Solo pochi giorni fa è stata ricordata nello stesso giorno (il 21 gennaio) sia la fondazione del Partito comunista italiano, sia la morte (esattamente cento anni fa, nel 1924) di Vladimir I. Ul’janov, ovvero Lenin, il maggiore artefice della creazione del movimento comunista internazionale. Il giorno dopo è stato invece l’anniversario della nascita di Antonio Gramsci, uno dei più importanti comunisti e marxisti del Novecento. Nomi e circostanze che si intrecciano e che rimandano alle origini di quello strano animale politico che è stato il Pci, fondato nel 1921, ma rifondato più volte: nel 1926 dallo stesso Gramsci al Congresso di Lione e, dopo quasi vent’anni, dal Togliatti della «svolta di Salerno», creatore del «partito nuovo», fautore della accettazione della democrazia e della scrittura, insieme ad altri, della Costituzione repubblicana.

PER ADERIRE a questo partito dal 1945 in poi non era più necessario aderire anche a una ideologia definita (il marxismo-leninismo), ma solo a un programma politico. Anche per questo il Pci divenne estremamente attrattivo per gli intellettuali del dopoguerra e dei decenni successivi. Fu un partito in cui potevano convivere e convivevano diverse letture di Marx, diversi marxismi, diversi approcci filosofici e anche diverse «concezioni del mondo», per dirla con Gramsci. Che spesso si confrontavano, nel pluralismo, dando il loro apporto all’elaborazione di una cultura politica articolata anche se convergente nel sostenere la possibilità di una società diversa.

Un convegno promosso dall’associazione Futura Umanità e dal Dipartimento di filosofia di Roma «La Sapienza» cercherà venerdì 26 gennaio (dalle ore 9 a Villa Mirafiori, via Carlo Fea 2) di ricostruire un quadro delle diverse letture filosofico-politiche di Marx che a lungo hanno convissuto nel Pci. Si va dal Marx delle origini, il Marx di Gramsci e Togliatti (con le relazioni rispettivamente di Marcello Mustè e Corrado Morgia), al Marx dei grandi intellettuali che dagli anni ’40-’50, con libri importanti e anche grandi dibattiti, a volte vivacemente polemici (come quello del 1962 dei «filosofi marxisti in Italia», su cui parlerà Stefano Petrucciani), segnarono una lunga stagione del marxismo italiano e anche europeo: Antonio Banfi (relazione di Roberto Finelli) e Cesare Luporini (su cui parlerà Giorgio Mele), Galvano Della Volpe e i dellavolpiani (relazione di Michele Prospero) e Nicola Badaloni (Vittoria Franco), e il marxismo pedagogico di Mario Alighiero Manacorda (Carmela Covato).

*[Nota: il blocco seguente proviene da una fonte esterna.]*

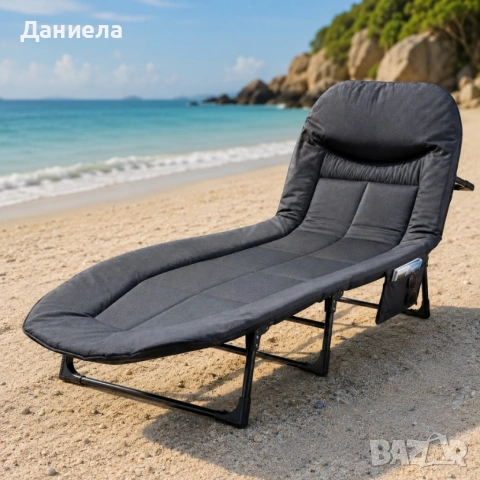 Сгъваемо къмпинг легло с регулируема облегалка и матрак - 5 позиции, до 150кг, UV защита, снимка 5 - Други - 54974601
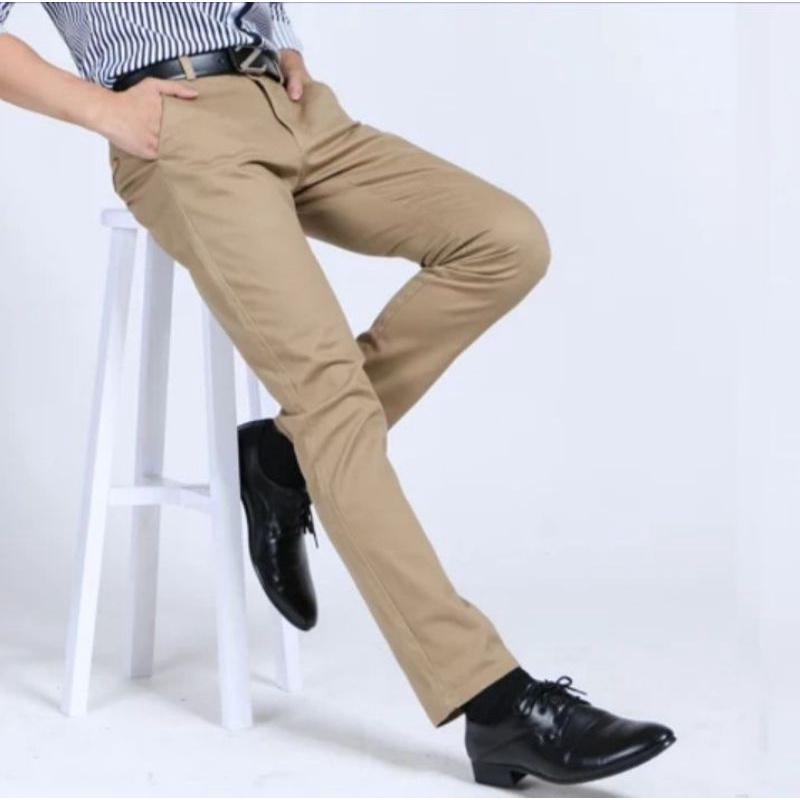 Celana Chinos Panjang Pria Bahan Katun Stretch Tebal Selvedge Chino kantoran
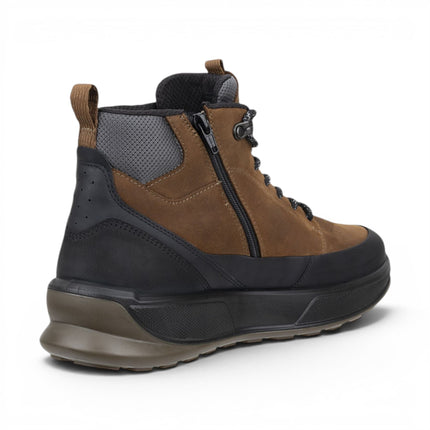 Ecco Men's Waterproof Black Tan Leather Outdoor Walking Boots - Byway 2.0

E POI, ANCORA, il dialogo Luporini-Althusser degli anni ’60-’70 (Francesca Izzo), la «scuola di Bari» (Pasquale Serra) e infine la stagione della «crisi del marxismo», negli anni ’80 (Giulio Azzolini). Arrivò infine la Bolognina, a segnalare che una egemonia era finita e che altri paradigmi e altri autori (liberisti, liberali o liberal) si erano affermati: coi risultati che oggi sono sotto gli occhi di tutti.

Perché Marx e non i marxismi, come oggetto privilegiato di questo convegno? Nel 1983 Cesare Luporini disse – commemorando il primo centenario della morte di Marx in apertura del XVI Congresso del Partito comunista italiano – che per tornare in modo proficuo a far rivivere Marx bisognava andare oltre i tanti marxismi che si erano succeduti, a partire da quello di Engels.

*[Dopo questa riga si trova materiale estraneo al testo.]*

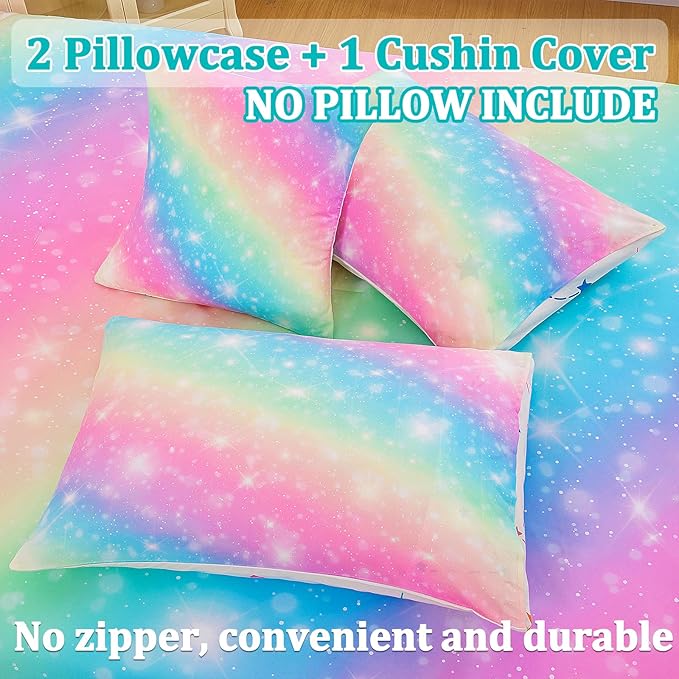 Glitter Galaxy Comforter Set 6 Pcs Bed in A Bag, Ombre Pink Blue Rainbow Girls Full Size Bedding Sets with Sheets - LeafyLoom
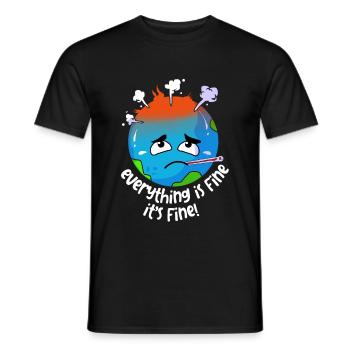 Changement climatique Earth Day Protection de l’environnement Bio Terre - T-shirt homme - noir - Devant - AI Model Male 178 light (178cm)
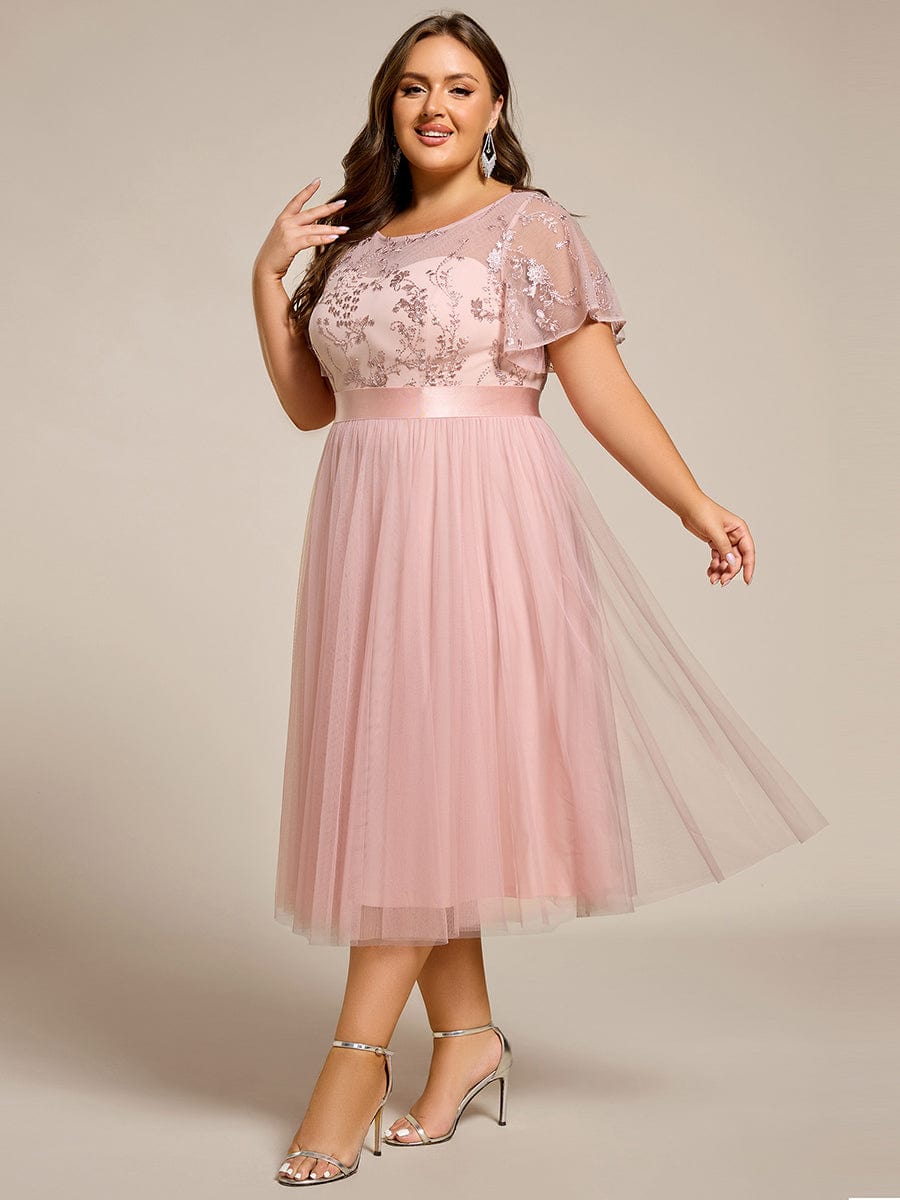 ever MARA|Embellished Tulle Midi Junior Bridesmaid Dress with Sheer Sleeves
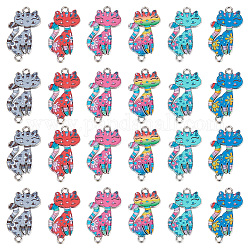 SUNNYCLUE 1 Box 30Pcs 6 Colors Cat Charm Bulk Cats Charms Pet Link Charm Colorful Cute Flower Charm Animal Connector Charms for jewellery Making Charms DIY Necklace Earrings Bracelet Craft Adult Women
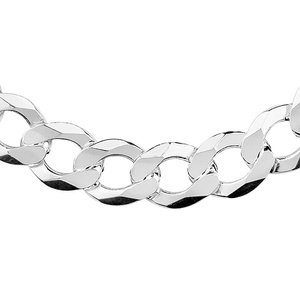 Silver (925) diamond-cut chain - curb extra flat Ø 400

I DUE ASPETTI (Marx e i marxismi) sono senza dubbio collegati. Ma riflettere sulle diverse letture di Marx può significare anche cercare soprattutto di capire come può essere utile il pensatore di Treviri oggi, di fronte a problemi (filosofici, politici, morali, educativi, epistemologici) sotto alcuni aspetti nuovi. Una riflessione che, se non ha e non deve avere una ricaduta immediatamente politica, non è però nemmeno estranea al «che fare?» di fronte a cui si trova oggi tutta la sinistra.

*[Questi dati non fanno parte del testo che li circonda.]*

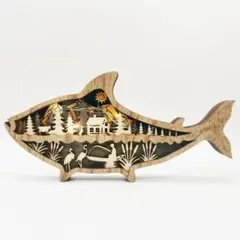 【魚 タイプA】木製 ナチュラルインテリア 北欧雑貨 インテリア雑貨 置物 新品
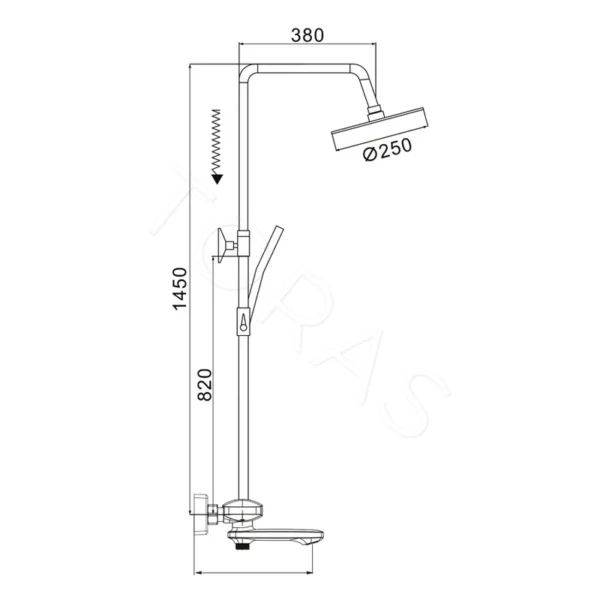 Душевая стойка со смесителем Rose R3936H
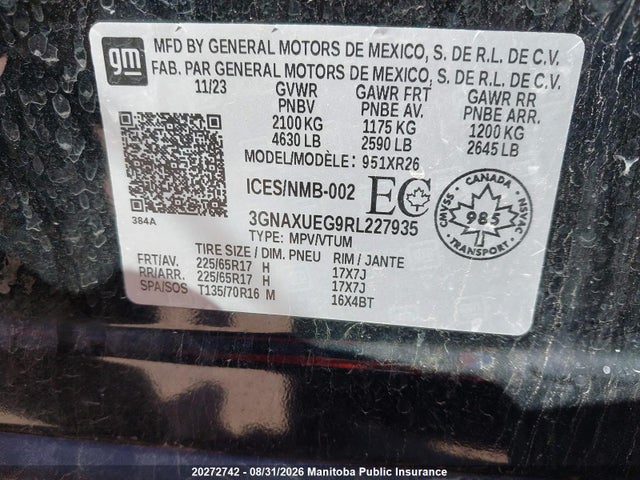 Продаж на аукціоні авто 2024 Chevrolet Equinox Lt, vin: 3GNAXUEG9RL227935, номер лоту: 20272742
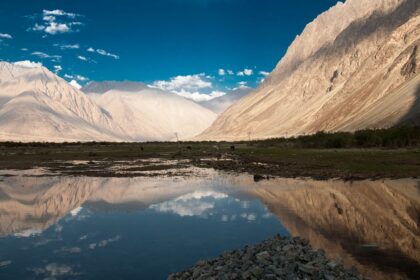 Panoramic view of the beautiful lake at the Nubra Valley in the lap of great Himalaya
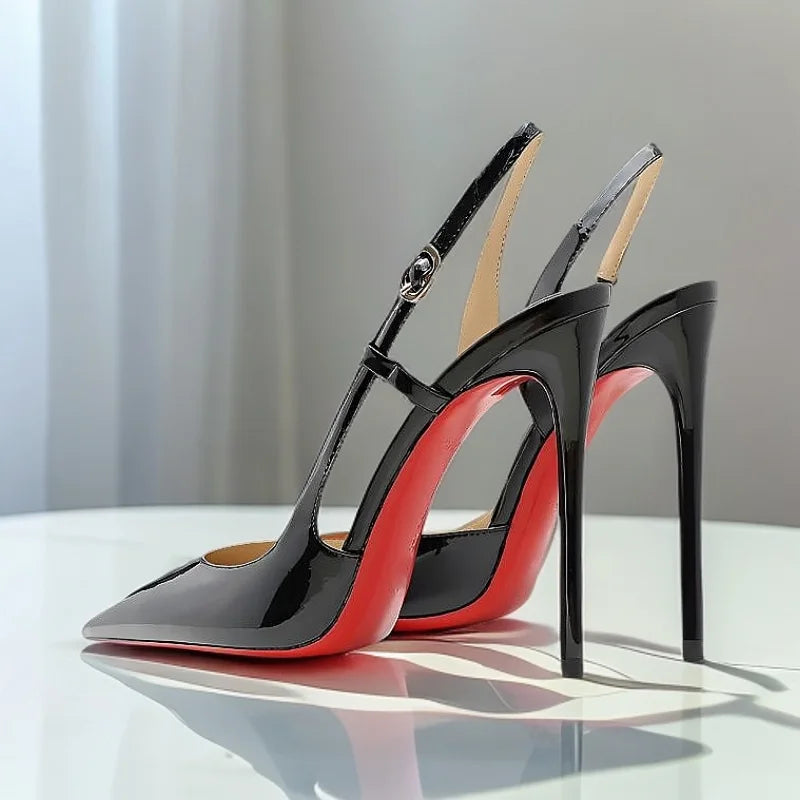 2025 Summer New Side Leakage Hollow Back Tripping High Heel Sandals Black Sexy OL Style Large Shoes 33-46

Il panorama che il convegno di Villa Mirafiori promette di offrire è vasto, anche se non del tutto esaustivo, né una sola giornata di riflessione poteva pretendere di esserlo. È auspicabile che altre iniziative (convegnistiche ed editoriali) seguano, per completare e approfondire l’affresco della vicenda di Marx in Italia, che per buona parte è stata anche quella del Marx, o dei Marx, del Pci.